- WORK ITEM: Output range, inclusive: from the line containing "HYUNDAI ELANTRA image 2" to the line containing "Xe của công". Restate those lines from the data below word for word and only those.

- SOURCE DATA:
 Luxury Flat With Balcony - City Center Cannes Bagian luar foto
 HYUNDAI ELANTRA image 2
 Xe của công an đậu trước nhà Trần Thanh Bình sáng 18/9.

==

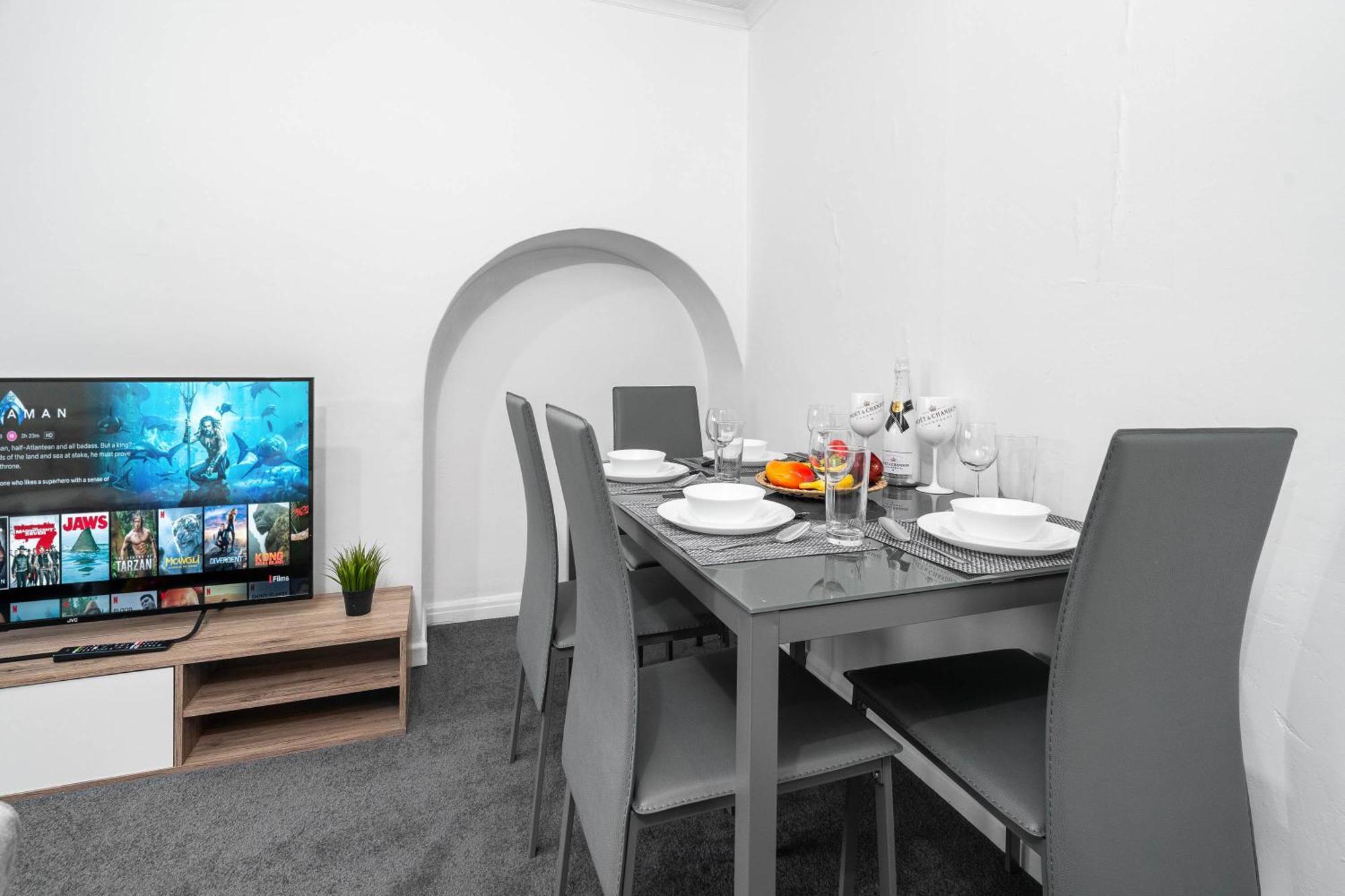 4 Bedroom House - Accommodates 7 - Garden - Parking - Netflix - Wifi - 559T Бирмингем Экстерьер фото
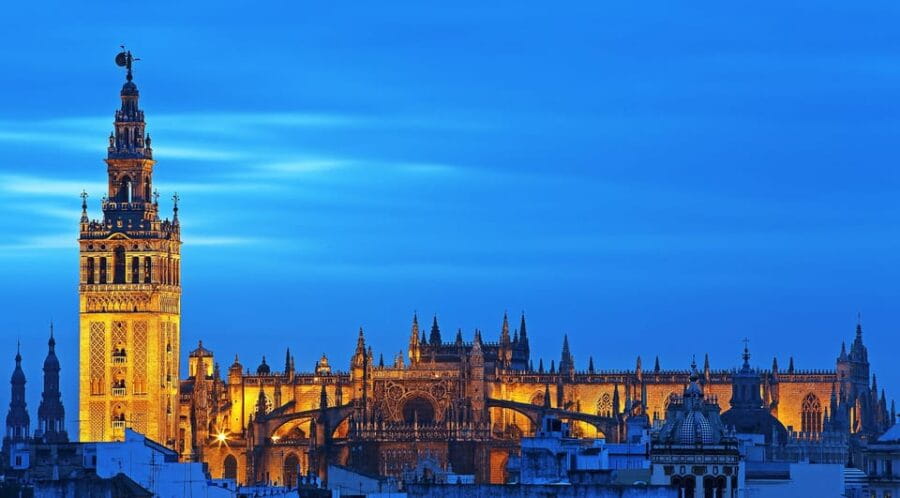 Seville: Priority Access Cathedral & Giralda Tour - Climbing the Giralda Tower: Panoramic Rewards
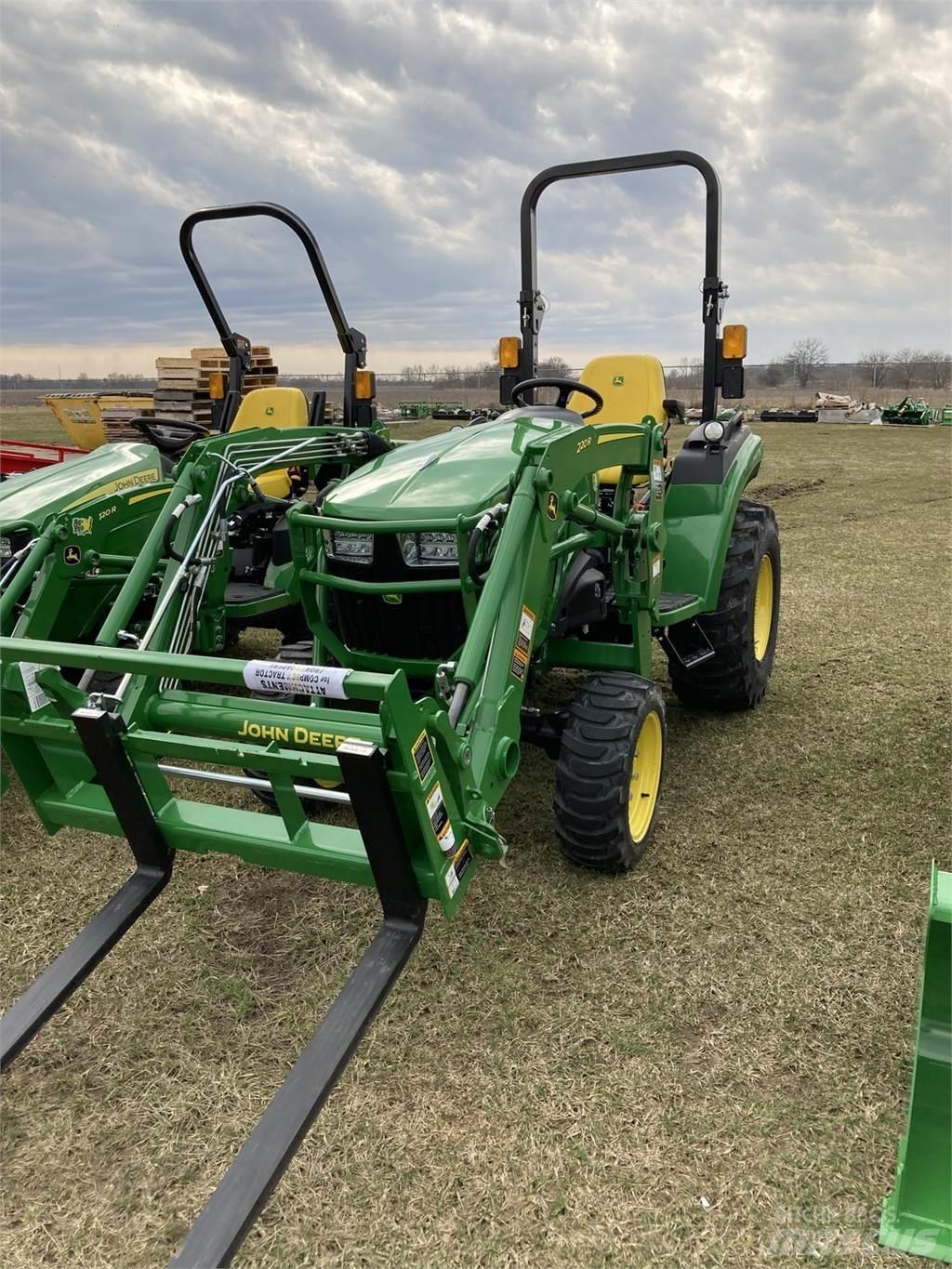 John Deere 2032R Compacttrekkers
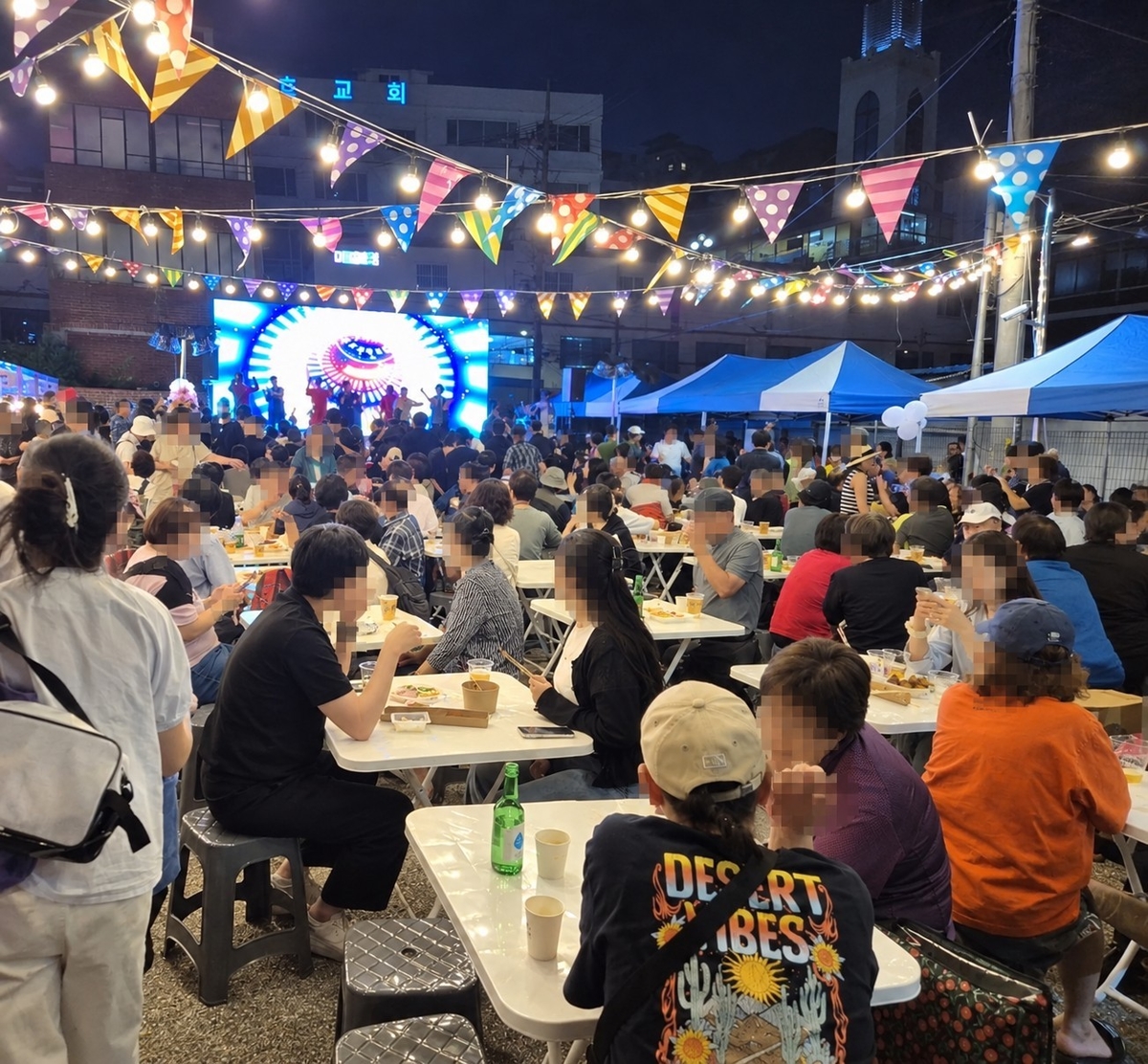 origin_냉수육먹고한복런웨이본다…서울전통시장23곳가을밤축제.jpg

- OUTPUT:
 HYUNDAI ELANTRA image 2
 Xe của công an đậu trước nhà Trần Thanh Bình sáng 18/9.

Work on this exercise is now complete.